REQUIRED WORK:
Across the entries below, work out how many lines contain "Park". Please give the number only.

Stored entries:
= = = =

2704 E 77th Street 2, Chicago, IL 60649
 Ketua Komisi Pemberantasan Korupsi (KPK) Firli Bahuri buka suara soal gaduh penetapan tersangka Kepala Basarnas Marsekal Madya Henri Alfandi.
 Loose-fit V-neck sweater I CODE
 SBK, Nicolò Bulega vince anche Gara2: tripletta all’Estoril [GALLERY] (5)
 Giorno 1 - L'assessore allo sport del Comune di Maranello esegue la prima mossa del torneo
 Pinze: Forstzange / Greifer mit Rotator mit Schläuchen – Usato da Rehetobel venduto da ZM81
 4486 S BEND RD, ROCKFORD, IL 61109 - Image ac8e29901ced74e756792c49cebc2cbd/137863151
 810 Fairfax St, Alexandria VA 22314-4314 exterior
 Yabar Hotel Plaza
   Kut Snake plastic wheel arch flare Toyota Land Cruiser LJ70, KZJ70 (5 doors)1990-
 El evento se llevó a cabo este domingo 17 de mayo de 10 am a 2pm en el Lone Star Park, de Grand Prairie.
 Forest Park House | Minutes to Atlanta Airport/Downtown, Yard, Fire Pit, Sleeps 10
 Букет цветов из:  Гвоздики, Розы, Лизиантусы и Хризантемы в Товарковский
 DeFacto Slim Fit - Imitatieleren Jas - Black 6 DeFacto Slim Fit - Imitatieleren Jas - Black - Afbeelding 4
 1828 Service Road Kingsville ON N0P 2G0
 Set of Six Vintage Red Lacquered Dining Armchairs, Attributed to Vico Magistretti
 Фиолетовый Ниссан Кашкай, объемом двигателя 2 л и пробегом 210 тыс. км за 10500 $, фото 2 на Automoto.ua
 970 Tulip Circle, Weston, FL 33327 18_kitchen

= = = =

REPLY:
2